One of the ways wives can respect their husband is by being supportive of their vision, work and ministry. We were created to be our husband’s helpmeet, don’t be a hindrance to his calling, strive to encourage and aid him in it. For each woman this will look different based on their husband. One of my friends is married to a missionary who’s vision is to reach an unreached people group. She left her home and family, moved to another country leaving behind many modern conveniences and comforts. She now lives on a houseboat with their three children traveling to unreached people groups to share the gospel alongside her husband. Another friend of mine is married to a cabinet maker, she supports his work in various ways. She often praises his work to me and to others, she doesn’t complain when he needs to work extra hours, she runs their household smoothly so that he has a pleasant place to come home to at the end of each day and on some occasions, she goes to work and helps him in the ways she knows how to. Whatever your husband’s vision or life work is, get behind it and find ways to support him in it. It may be as simple as packing his lunch, praying for and with him, praising his work, or just letting him know how you appreciate how hard he works to support your family.
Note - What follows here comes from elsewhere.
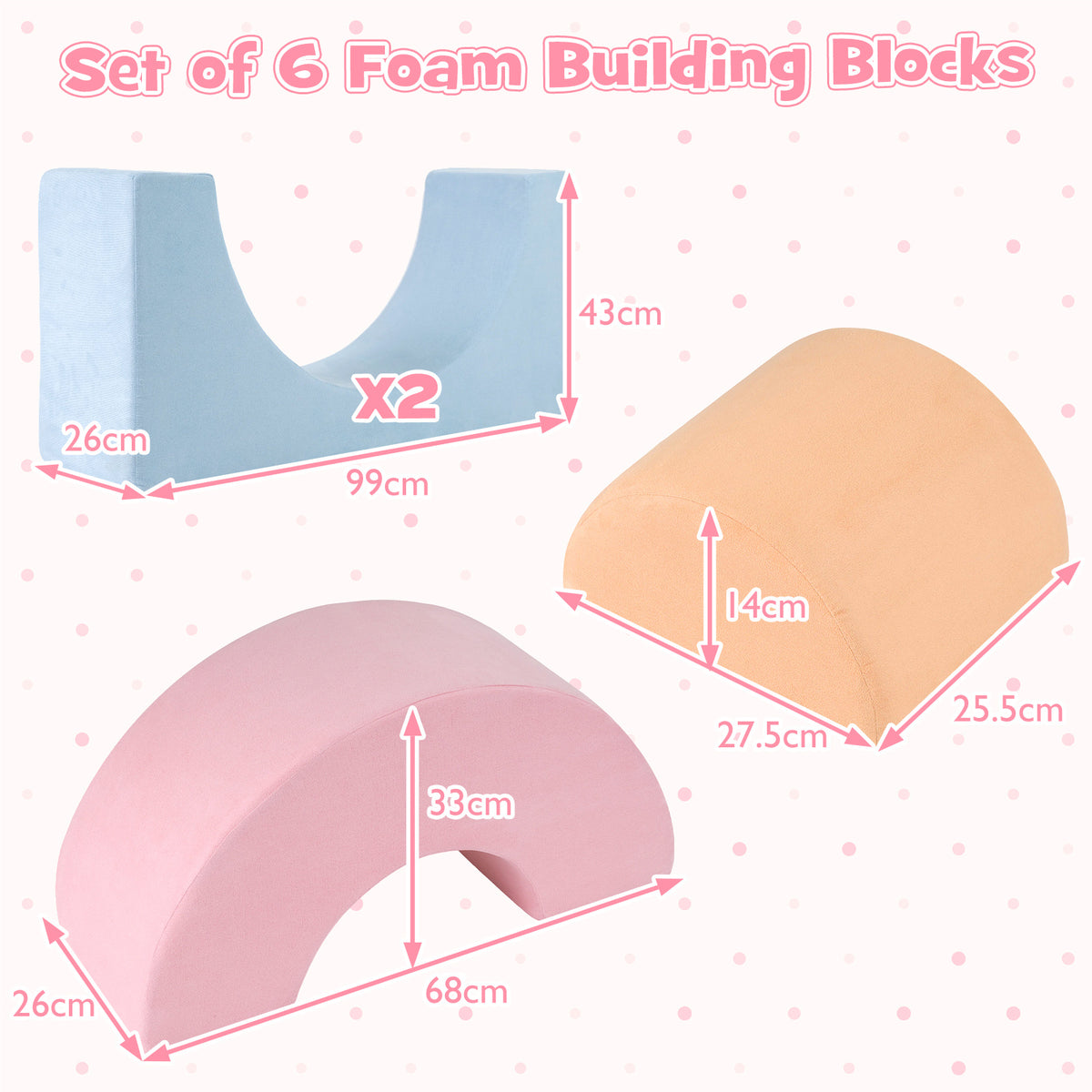 Diagram showing the dimensions of the foam climbing blocks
Another way wives can respect their husbands is by not speaking negatively of them to others, even when they are not present. Don’t degrade your husband’s reputation, choose only to praise him when in public, unless of course there is an issue of serious sin or danger that needs to be taken before your church leaders or higher authorities for help. Refuse to let others speak negatively of your husband also, this includes your closest family members and friends. Be a wife who is greatly offended if someone is speaking ill of your spouse behind their back. Be ruthless in guarding your mind against outside negativity. Nobody comes between you and your husband. The husband of the Proverbs 31 woman could “safely trust her”. One of the reasons he could trust her was because she honored him and his reputation even when he was not present. Our husbands need to know that we have their back, we should never allow others to mischaracterize or belittle our husbands.

Don’t nag your husband, as a friend once told me “before marriage was the time to look but after marriage is the time to close your eyes”. In other words, don’t let the little things bother you, let them go. So what if he always leaves his clothes in the floor or the toilet seat up, does it really matter that much? It won’t hurt you to cheerfully and quietly pick them up or close the lid. If one of his quirks or habits is bothering you enough to say something about it, make sure you do it in a kind, respectful way- the way you would want him to come to you if something you did was bothering him. Again, this does not mean that there isn’t a time or way to address sin in our husband’s life. We should have the freedom to go to one another and point out areas where repentance and growth are needed, be sure to remove the log from your own eye first though and go in a humble, respectful manner.